Anunna offers environment modules for a single version of python for each bucket. On top of the standard environment modules, bundle modules are available for more specific user cases.
Users can also install their own Python distributions, like Mamba
Creating Custom Virtual Environments
The HPC team is aware that users may need to build custom python environments for their jobs. These environments can be based off the python environment modules provided by Anunna.
Python virtual environments are self-contained directories that house a specific Python installation and its associated packages, ensuring that one project’s dependencies don’t clash with another. They isolate your software requirements, letting the user manage different versions of libraries or modules in separate, discrete environments. This prevents version conflicts and keeps your system’s base Python environment clean. Tools like ‘venv’ and ‘virtualenv’ simplify creating and activating these spaces, making it straightforward to switch between multiple projects.
- Load the module of the desired Python version
- Create a virtual environment folder
- Activate virtual environment
- Install desired packages with Pip
Firstly, load the module of the desired python version. The example that hereby follows makes use of Python-3.12.3 available at the 2024 bucket.
module load 2024 module load Python/3.12.3
Once the Python module is loaded, the environment can be created. The environment will be stored in a folder at the location of your choosing. It is not necessary to create the folder beforehand, though in this example it is assumed that the location $MYBKP/PythonEnv
already exists. Note that $MYBKP
refers to the lustre backup location specified at your ~/.bash_aliases
file (see our entry on Aliases and local variables)
python -m venv $MYBKP/PythonEnv/my_env
Once created, the virtual environment needs to be activated in order to be used or modified.
source $MYBKP/PythonEnv/my_env/bin/activate
After the environment has been activated, you should see the name of the environment as a suffix of your prompt.
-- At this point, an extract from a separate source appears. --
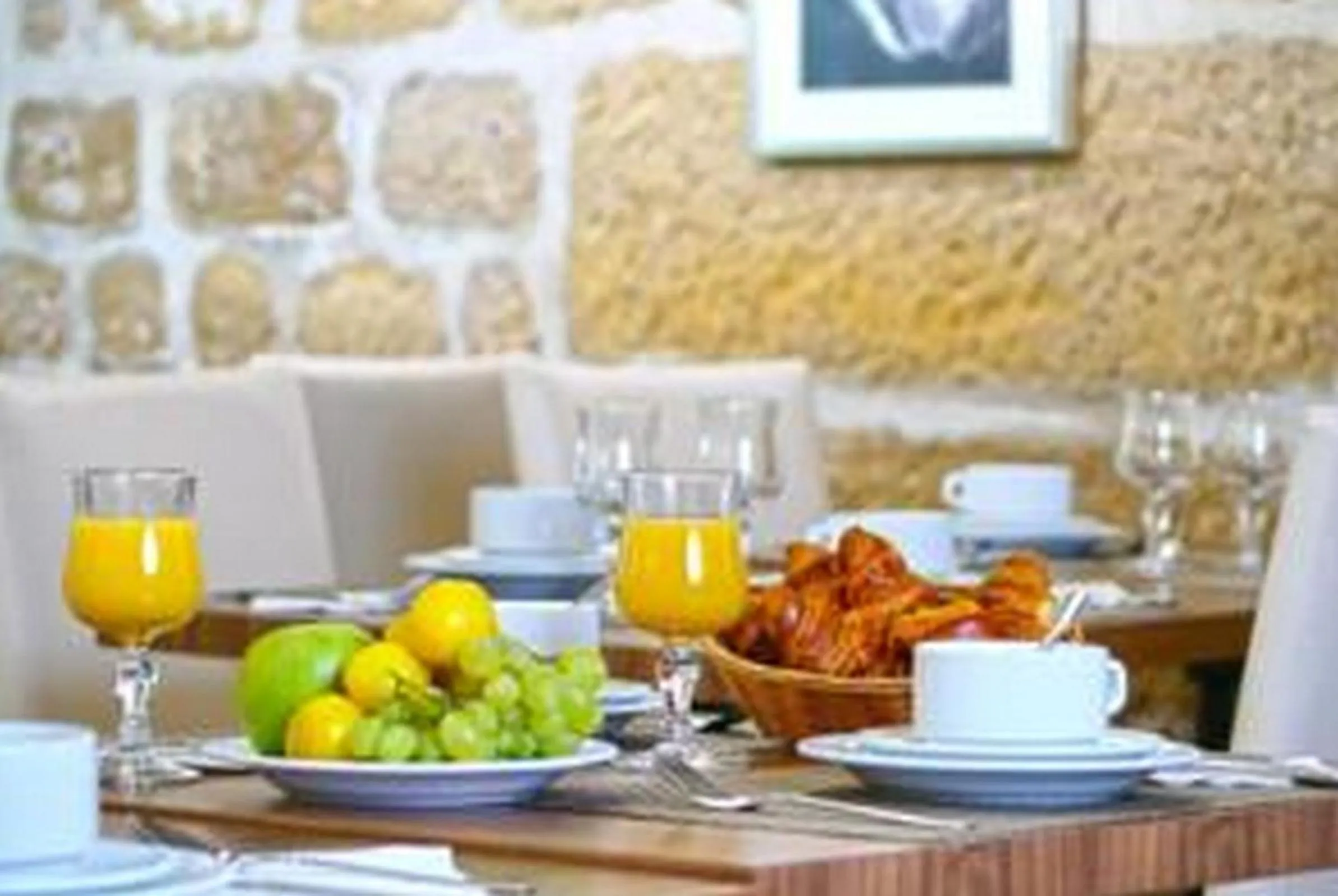 Restaurant/places to eat in Hôtel Du Leman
(my_env) user001@login200:$
While the virtual environment is active, you can use pip to install modules directly into your environment
pip install -U numpy pandas matplotlib datetime
The installed modules are stored at $MYBKP/PythonEnv/my_env/lib/python3.12/site-packages/.
Note
Creating Jupyter kernels from virtual environments
It is often the case that users need to have a custom environment in jupyter. This can be facilitated with virtual environments. Assuming we use the virtual environment from the previous section, we just need to
- activate the environment
- install the ipython package
- generate the kernel
source $myBKP/PythonEnv/my_env/bin/activate
pip install -U numpy pandas matplotlib datetime ipykernel
python -m ipykernel install --user --name=my_env_kernel_name
The kernel will be written to your home folder, more precisely ~/.local/share/jupyter/kernels/
.
This location will be monitored by jupyter, which should display your custom kernel as one of the kernel options.